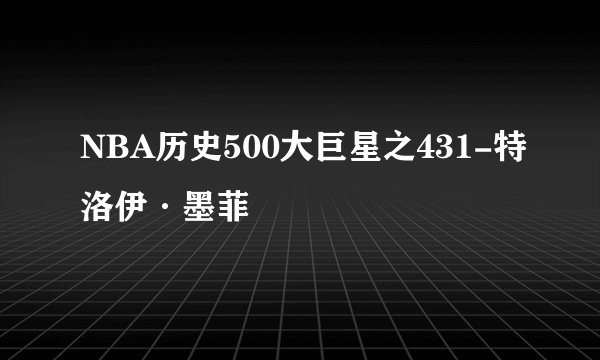 NBA历史500大巨星之431-特洛伊·墨菲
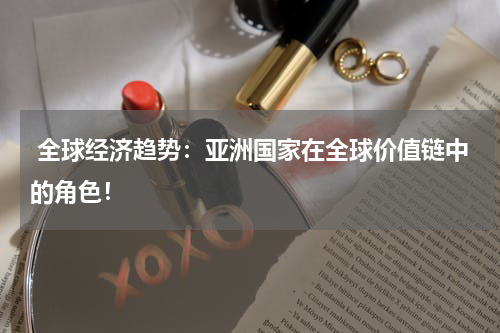  全球经济趋势：亚洲国家在全球价值链中的角色！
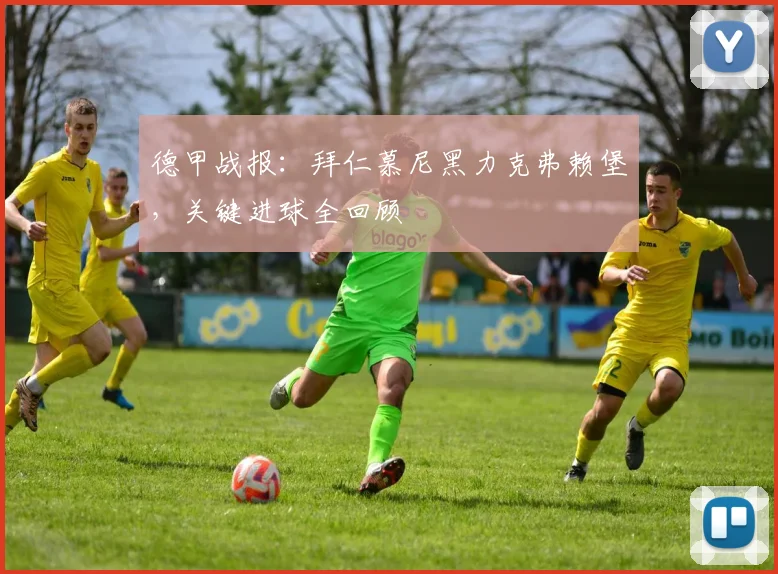 德甲战报：拜仁慕尼黑力克弗赖堡，关键进球全回顾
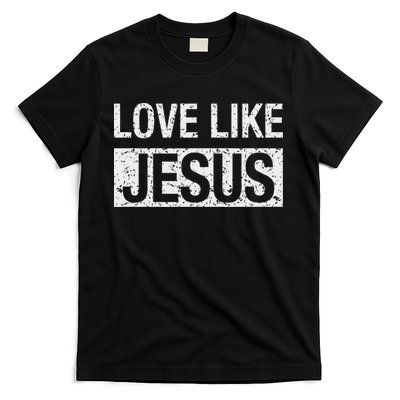 Love Like Jesus T-Shirt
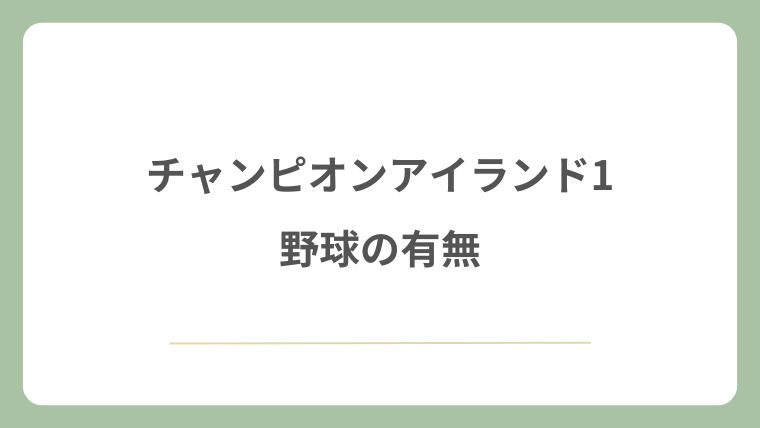 チャンピオンアイランド1と野球の有無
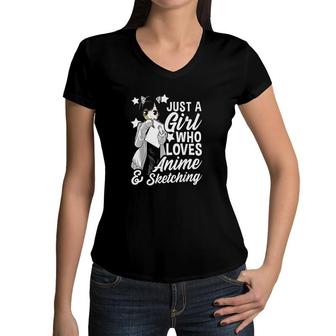 Anime Girl Just A Girl Who Loves Anime And Sketching Drawing Women V-Neck T-Shirt - Monsterry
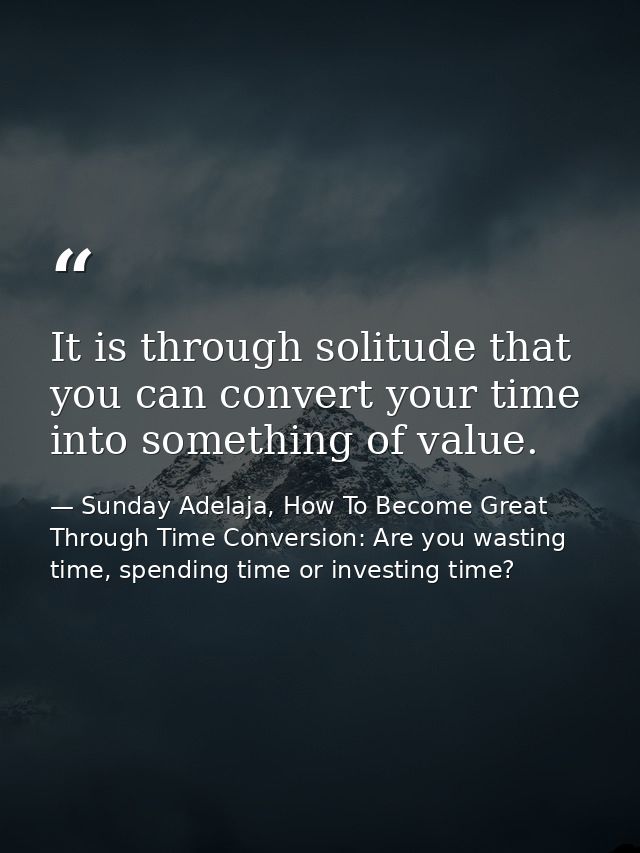 It is through solitude that you can convert your time into something of value. — Sunday Adelaja, How To Become Great Through Time Conversion: Are you wasting time, spending time or investing time?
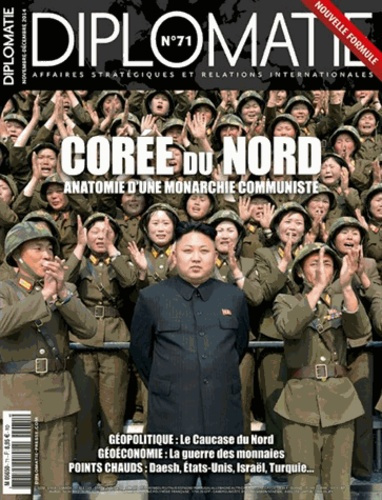 Emprunter Diplomatie N° 71, Novembre-décembre 2014 : Corée du Nord. Anatomie d'une monarchie communiste livre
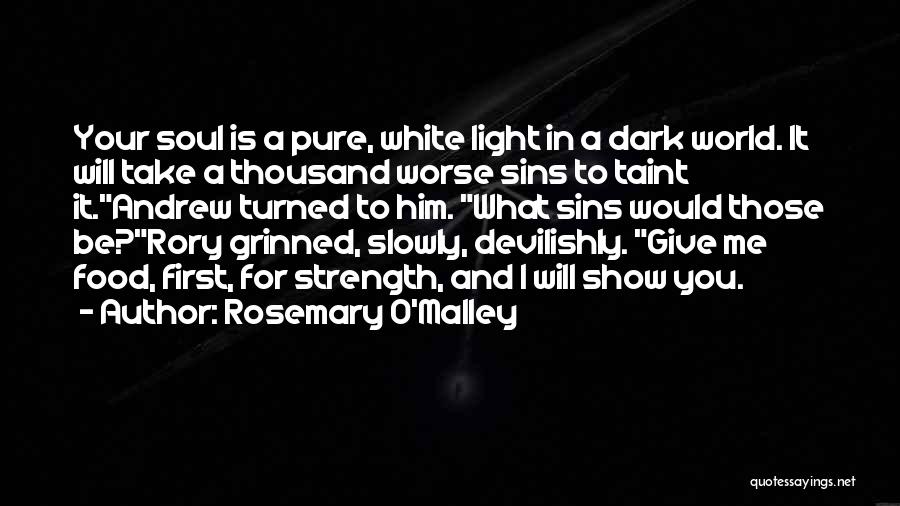 Rosemary O'Malley Quotes: Your Soul Is A Pure, White Light In A Dark World. It Will Take A Thousand Worse Sins To Taint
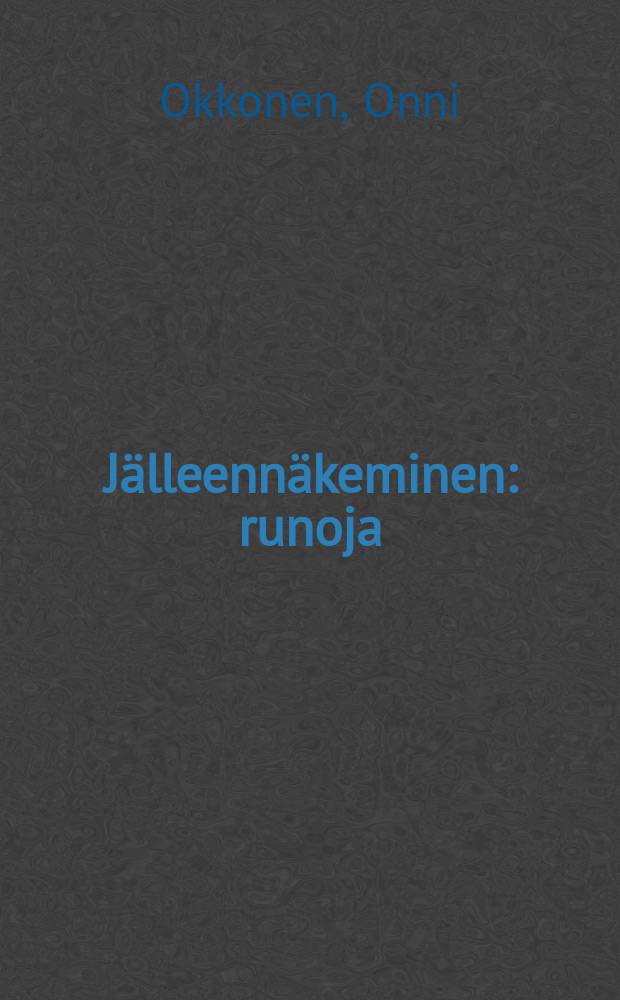 J&auml;lleenn&auml;keminen : runoja = Стихи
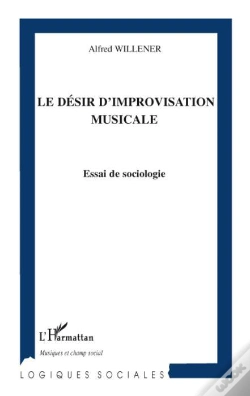 Capa do artigo Le Désir D'Improvisation Musicale ; Essai De Sociologie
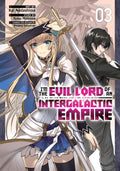 I'm the Evil Lord of an Intergalactic Empire! Vol. 3 cover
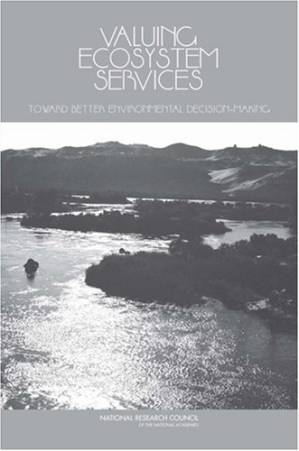 کتاب Valuing Ecosystem Services: Toward Better Environmental Decision-making نسخه کامل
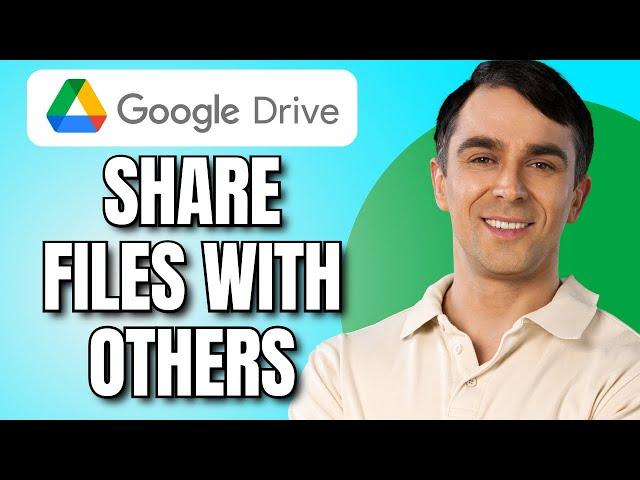 How to Share Files on Google Drive With Others (2024)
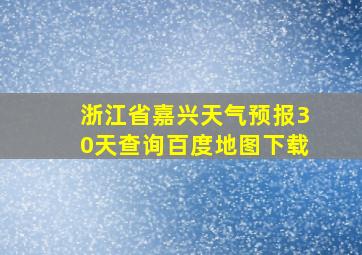 浙江省嘉兴天气预报30天查询百度地图下载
----------------------------------------
Copy the lines starting at the line that contains "Anime Girl Just" and running to the final line of the entries, inclusive; omit all pictures.

## RESULT
 Anime Girl Just A Girl Who Loves Anime And Sketching Drawing Women V-Neck T-Shirt - Monsterry
 It is through solitude that you can convert your time into something of value. — Sunday Adelaja, How To Become Great Through Time Conversion: Are you wasting time, spending time or investing time?
 Emprunter Diplomatie N° 71, Novembre-décembre 2014 : Corée du Nord. Anatomie d'une monarchie communiste livre
 Rosemary O'Malley Quotes: Your Soul Is A Pure, White Light In A Dark World. It Will Take A Thousand Worse Sins To Taint
 J&auml;lleenn&auml;keminen : runoja = Стихи
 Capa do artigo Le Désir D'Improvisation Musicale ; Essai De Sociologie
 I'm the Evil Lord of an Intergalactic Empire! Vol. 3 cover
 کتاب Valuing Ecosystem Services: Toward Better Environmental Decision-making نسخه کامل
 How to Share Files on Google Drive With Others (2024)
 浙江省嘉兴天气预报30天查询百度地图下载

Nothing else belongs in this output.